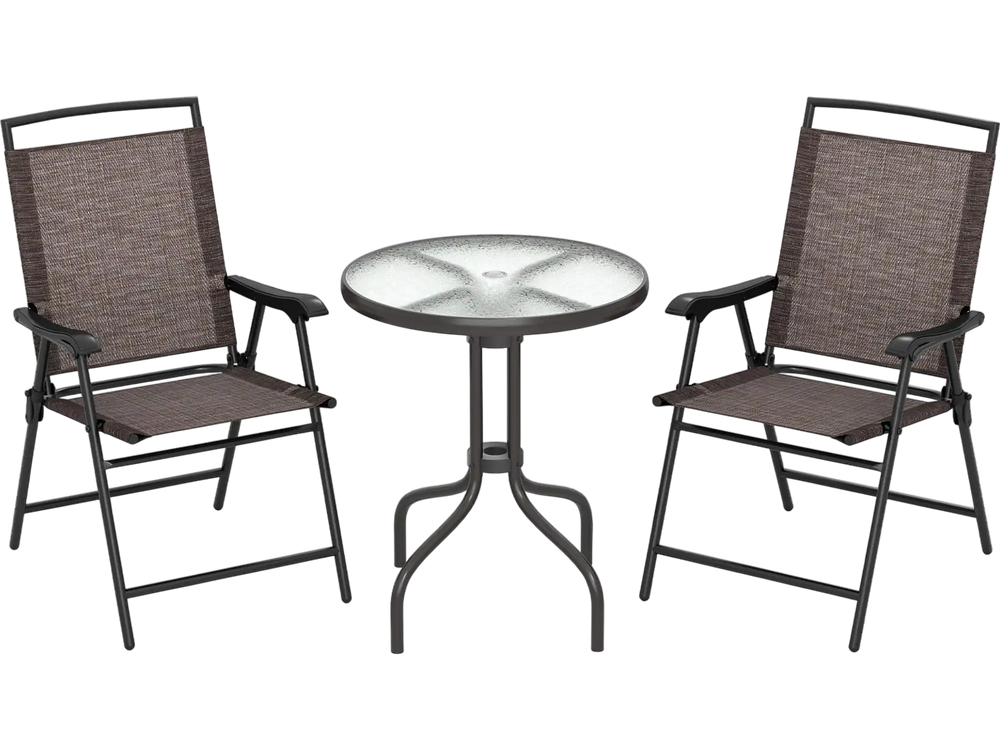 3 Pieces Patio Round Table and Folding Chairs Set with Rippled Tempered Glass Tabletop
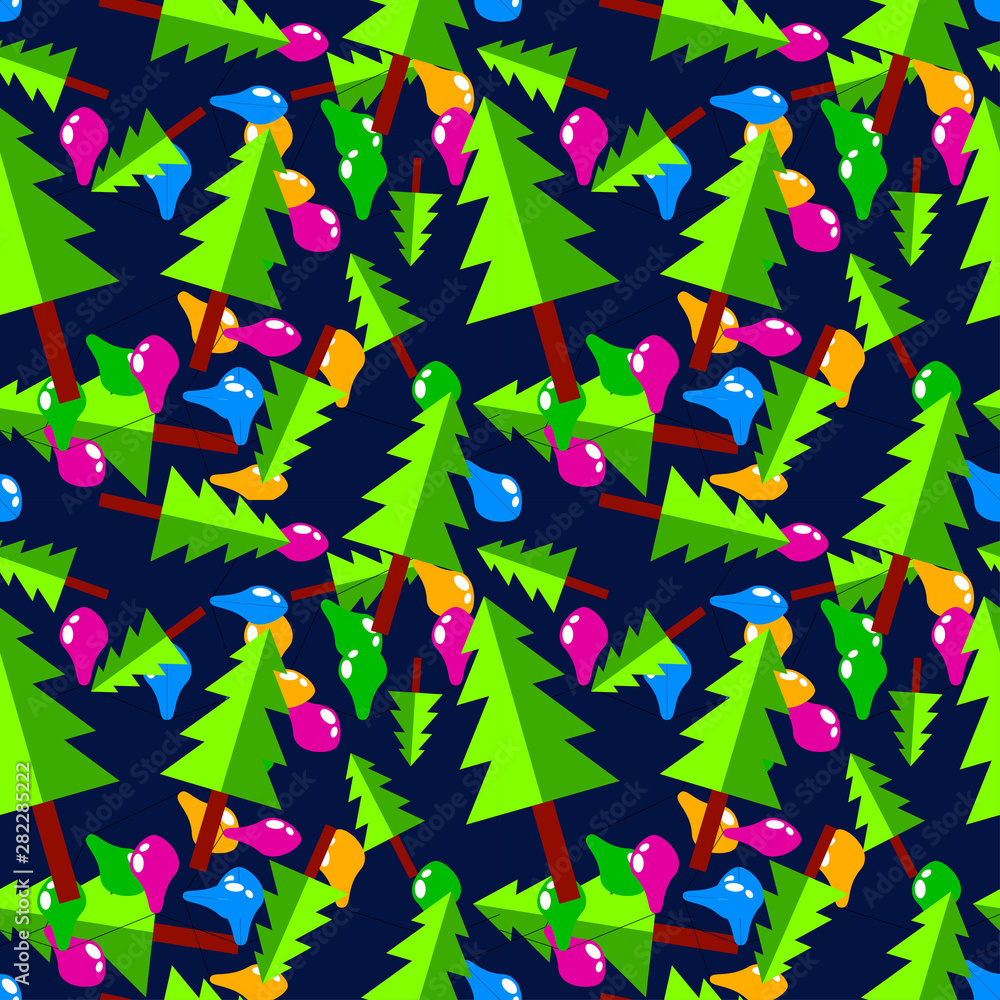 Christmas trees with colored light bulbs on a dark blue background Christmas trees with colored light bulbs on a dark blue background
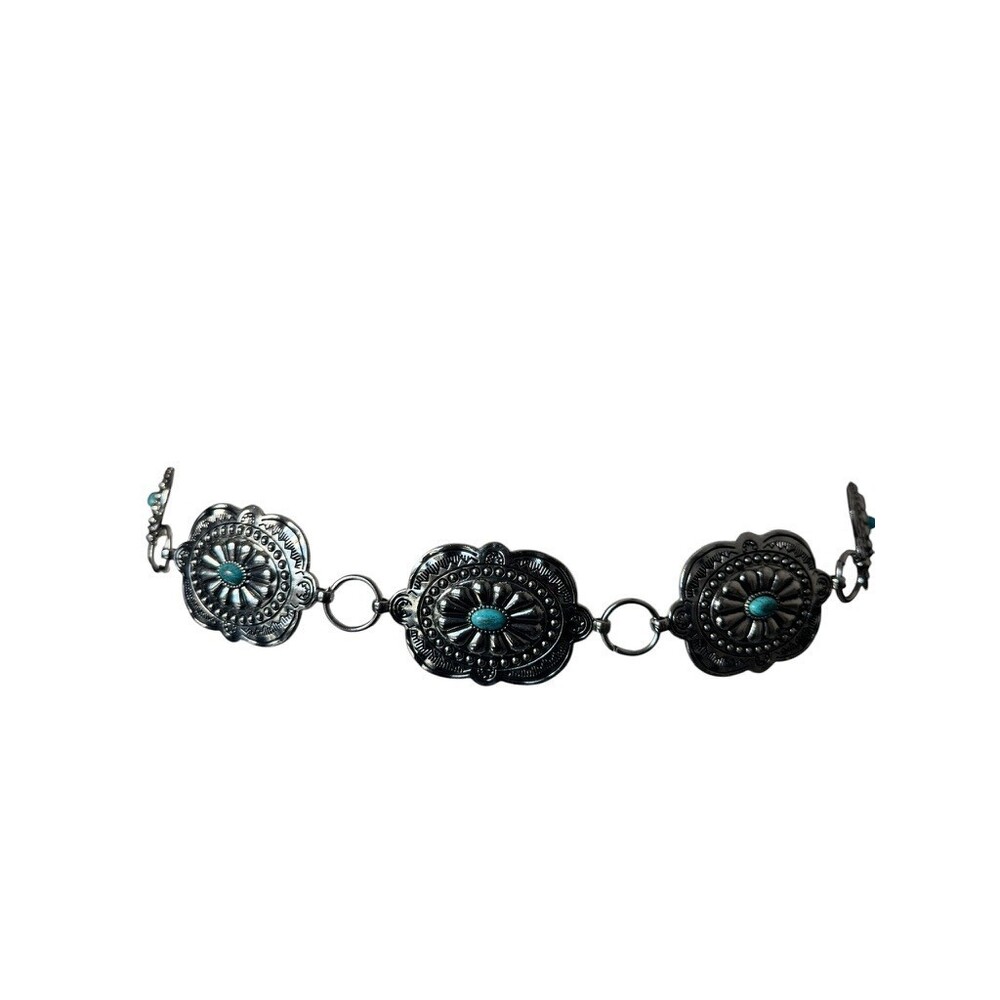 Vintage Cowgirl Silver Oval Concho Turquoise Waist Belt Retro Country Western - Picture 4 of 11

##############################

> ASSIGNMENT
Restate the data above word for word, omitting every picture.

> YOUR SOLUTION
 3 Pieces Patio Round Table and Folding Chairs Set with Rippled Tempered Glass Tabletop
 Christmas trees with colored light bulbs on a dark blue background Christmas trees with colored light bulbs on a dark blue background
 Vintage Cowgirl Silver Oval Concho Turquoise Waist Belt Retro Country Western - Picture 4 of 11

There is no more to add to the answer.